PROBLEM TO WORK ON: The required output is the lines below from the line containing "IMG_4973-2 Bladsprietkever (Donacia" to the line containing "Ideas decorar árbol", inclusive, retyped exactly. No other lines belong in it.

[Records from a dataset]
- - - - - - -
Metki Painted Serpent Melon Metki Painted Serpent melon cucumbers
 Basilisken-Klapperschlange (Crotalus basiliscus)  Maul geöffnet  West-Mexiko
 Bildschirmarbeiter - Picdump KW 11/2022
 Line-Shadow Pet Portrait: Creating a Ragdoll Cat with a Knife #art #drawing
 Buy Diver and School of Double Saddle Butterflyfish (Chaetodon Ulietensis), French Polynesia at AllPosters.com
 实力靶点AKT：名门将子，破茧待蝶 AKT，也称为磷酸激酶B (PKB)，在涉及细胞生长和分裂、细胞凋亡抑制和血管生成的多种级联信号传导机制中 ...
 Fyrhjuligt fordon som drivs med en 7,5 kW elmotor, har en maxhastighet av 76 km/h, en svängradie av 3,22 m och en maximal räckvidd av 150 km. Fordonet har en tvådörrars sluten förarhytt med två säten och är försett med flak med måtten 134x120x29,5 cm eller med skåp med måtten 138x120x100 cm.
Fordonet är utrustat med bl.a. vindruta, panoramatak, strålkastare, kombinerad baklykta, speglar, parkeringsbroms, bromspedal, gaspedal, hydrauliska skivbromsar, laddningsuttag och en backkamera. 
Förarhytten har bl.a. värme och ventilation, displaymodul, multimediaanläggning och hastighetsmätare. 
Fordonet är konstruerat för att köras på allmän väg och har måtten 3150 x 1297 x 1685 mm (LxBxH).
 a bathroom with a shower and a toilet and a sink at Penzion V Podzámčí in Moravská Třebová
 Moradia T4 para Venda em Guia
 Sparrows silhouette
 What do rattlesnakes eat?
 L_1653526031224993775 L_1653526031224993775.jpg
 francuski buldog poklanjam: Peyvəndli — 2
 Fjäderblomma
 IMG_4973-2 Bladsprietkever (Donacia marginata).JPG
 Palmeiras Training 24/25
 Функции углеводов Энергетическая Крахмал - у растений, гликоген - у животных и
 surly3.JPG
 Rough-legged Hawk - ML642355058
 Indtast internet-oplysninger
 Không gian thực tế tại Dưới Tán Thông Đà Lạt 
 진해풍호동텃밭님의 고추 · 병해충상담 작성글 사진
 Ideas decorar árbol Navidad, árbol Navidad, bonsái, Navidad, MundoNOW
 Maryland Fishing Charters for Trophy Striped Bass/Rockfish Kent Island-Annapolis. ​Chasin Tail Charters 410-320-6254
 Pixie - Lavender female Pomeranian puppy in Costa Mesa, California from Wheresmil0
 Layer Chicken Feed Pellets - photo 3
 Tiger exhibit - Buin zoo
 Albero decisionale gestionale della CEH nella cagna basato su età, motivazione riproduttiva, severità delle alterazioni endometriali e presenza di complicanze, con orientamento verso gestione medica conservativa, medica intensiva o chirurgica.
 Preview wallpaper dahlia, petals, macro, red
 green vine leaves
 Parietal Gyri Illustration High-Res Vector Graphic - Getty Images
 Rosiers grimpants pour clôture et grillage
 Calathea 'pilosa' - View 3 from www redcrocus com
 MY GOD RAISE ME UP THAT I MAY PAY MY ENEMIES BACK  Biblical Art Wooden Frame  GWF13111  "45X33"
- - - - - - -
EXERCISE ANSWER:
 IMG_4973-2 Bladsprietkever (Donacia marginata).JPG
 Palmeiras Training 24/25
 Функции углеводов Энергетическая Крахмал - у растений, гликоген - у животных и
 surly3.JPG
 Rough-legged Hawk - ML642355058
 Indtast internet-oplysninger
 Không gian thực tế tại Dưới Tán Thông Đà Lạt 
 진해풍호동텃밭님의 고추 · 병해충상담 작성글 사진
 Ideas decorar árbol Navidad, árbol Navidad, bonsái, Navidad, MundoNOW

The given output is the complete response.